From the 1950s to the ’80s, Lawrence Knitting Mills was buzzing — cotton came in, knitted goods went out. New jobs were posted almost daily in the Observer‘s classified section.
In the 30 years since the mill closed, Charlotte grew up and out. The skyline inched taller and the Blue Line expanded north, whizzing behind the now-vacant mill.
Apartments and retailers, offices and restaurants opened in buildings just like this one. Now it’s this old mill’s turn.
In 2021, the 18,000-square-foot building will reopen with a food hall, offices, and retail space. Next door, a 15,000-square-foot warehouse will become the second location for popular South End restaurant and bar Seoul Food Meat Co. Connecting the two will be an expansive backyard, one of the largest outdoor spaces in the area, and a connection point to the XCLT Trail.
The adaptive-reuse project will be called Lintmen’s, a nod to the nickname given to textile workers who’d return home covered in lint: the “lint heads.”
“This is the type of building that built Charlotte,” Paul Kardous says of the old Lawrence mill and the textile industry that once boomed in the region.
Kardous, 41, is an architect, developer, and Charlotte native. The son of Kal Kardous, the well-known businessman and local personality behind Charlotte Copy Data, he’s watched many of the city’s old and well-built buildings of the 20th century disappear into the dirt.
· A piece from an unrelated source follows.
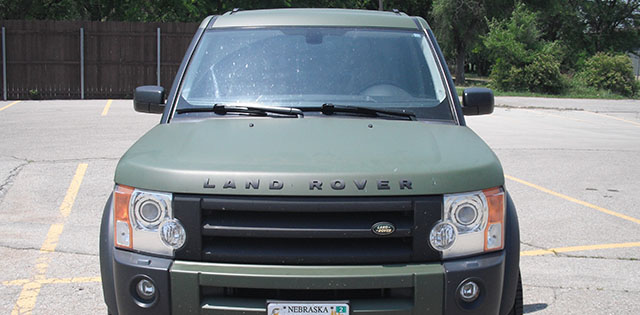 cropped.jpg_0001s_0029_Dana-Wright-Land-Rover-8.jpg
He’s seen three-story townhomes replace the Habitat for Humanity homes he helped to build as a teenager just down the road from Lintmen’s.
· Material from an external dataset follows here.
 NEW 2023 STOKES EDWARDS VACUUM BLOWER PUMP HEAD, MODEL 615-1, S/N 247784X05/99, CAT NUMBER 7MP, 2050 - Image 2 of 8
He didn’t want that to happen here.
The mill building isn’t on the historic registry. There’s very little in newspaper archives about its operations, just job postings and obituaries of retired workers.
“Some of these old buildings, they’re not super sexy,” says Kardous, partner at Pamaka and the developer of the project. “But we should respect it … and make it have a new life.”
Located at 2315 North Davidson Street, the former mill straddles neighborhood lines between Optimist Park, Villa Heights, and NoDa.
Depending on who you ask, they might say it’s in either of the three.
Kardous says it’s in Optimist Park, which means the neighborhood just north of Uptown has more textile mills-turned-food halls than anywhere else in Charlotte.
The food hall at Lintmen’s, called Urban District Market, is its second. The other, Optimist Hall, just passed its one-year anniversary and is home to 18 and counting tenants. Once open, UDM will have 12 food stalls inside the main hall area.
The food hall is fully leased, Kardous says. The restaurants are all local, but he wouldn’t name any. “I’ll let the tenants lead on their announcements.” (Hey tenants, what’s up? My email is firstname.lastname@example.org it you want to chat.)
So far, only one tenant has been confirmed: Seoul Food Meat Co., which will be located at 421 East 26th Street.
Known for its Korean-inspired wings and karaoke rooms, Seoul Food’s new location is even bigger than its South End spot at 27,000 square feet of indoor and outdoor space. A restaurant representative says this is just one step in Seoul’s larger expansion.Both the former mill and the new Seoul Food space were designed by Cluck Design Collaborative, and Urban Design Partners is the landscape architect for the space. There’s still 8,000 square feet for office or retail use available for lease.
“Lintmen’s will be a hub of activity in a unique setting,” says Brooks Whiteside of Whiteside Properties, which represented Pamaka on the acquisition and represented the landlord and tenants for the Seoul Food and food hall leases.
It’s been a long time since the old Lawrence Knitting Mills was anything close to a “hub,” but the building is ready for its second act.